Chi intende far valere la sussistenza di un rapporto di lavoro subordinato nei casi in cui lo stesso sia, astrattamente, cumulabile, con quello di amministratore, socio o presidente, ha l’obbligo di fornire la prova che il proprio vincolo, nonostante la carica sociale rivestita, è sottoposto al potere ed al controllo dell’organo di amministrazione societario.
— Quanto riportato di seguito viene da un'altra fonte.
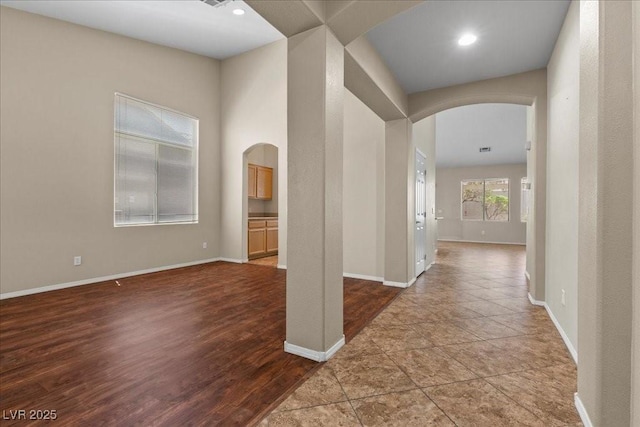 9233 Onyx Point Ct, Henderson, NV 89074 - corridor featuring arched walkways, dark wood-type flooring, and recessed lighting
Ovviamente, per acclarare la sussistenza del vincolo di subordinazione, occorrerà valutare una serie di elementi tipici della stessa come, ad esempio:
- La periodicità e la determinatezza della retribuzione;
- L‘impegno lavorativo con uno sguardo, se possibile, all’orario contrattuale, se previsto
- L’assenza di rischio in capo al lavoratore
- L’assenza di una organizzazione imprenditoriale;
- La distinzione tra le somme corrisposte a titolo di retribuzione e quelle provenienti dai proventi di natura societaria (Cass. n. 5886/2012);
- La gestione del rapporto come subordinato, desumibile dalla fruizione delle ferie, dalla gestione degli stati di morbilità, dei permessi, ecc.;
- L’assunzione con la qualifica di dirigente (se il rapporto è di qualifica dirigenziale) con il conferimento dell’incarico da parte dell’organo amministrativo ed il conseguente assoggettamento al potere direttivo, pur se lo stesso, avvenga in maniera attenuata o lieve, la caratterizzazione delle mansioni che sono diverse da quelle proprie della carica rivestita.
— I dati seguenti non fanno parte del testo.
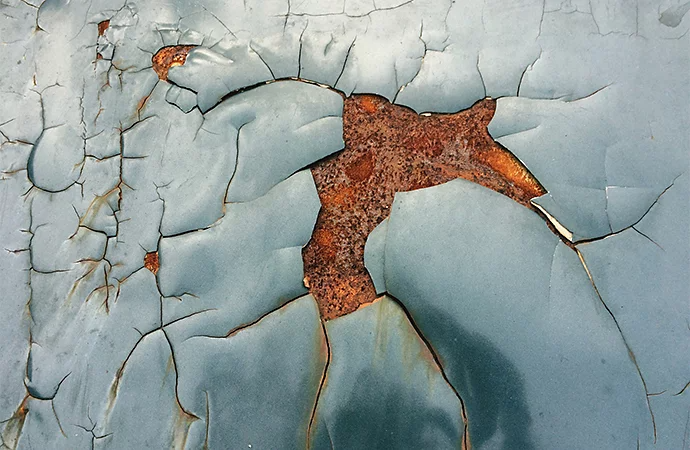 Close-up of an industrial building wall with paint peeling and cracking off of it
Nel caso in cui non sussista alcuna formalizzazione di incarico dirigenziale e “risulti l’esercizio diretto della gestione della società in ragione della immedesimazione organica, ricorda la Cassazione con la sentenza n, 18414/2013),” è necessario, ai fini della distinzione dei due ruoli, distinguere un qualcosa di più da “scovare” nella specifica caratterizzazione delle mansioni svolte, sia pure in un contesto ove la discrezionalità ed i poteri di iniziativa sono molto ampi.
Nella sostanza, a conclusione di questa breve riflessione si può affermare che la coesistenza tra i due ruoli sia possibile a meno che il presidente, l’amministratore o il socio non sia “dipendente di se stesso”.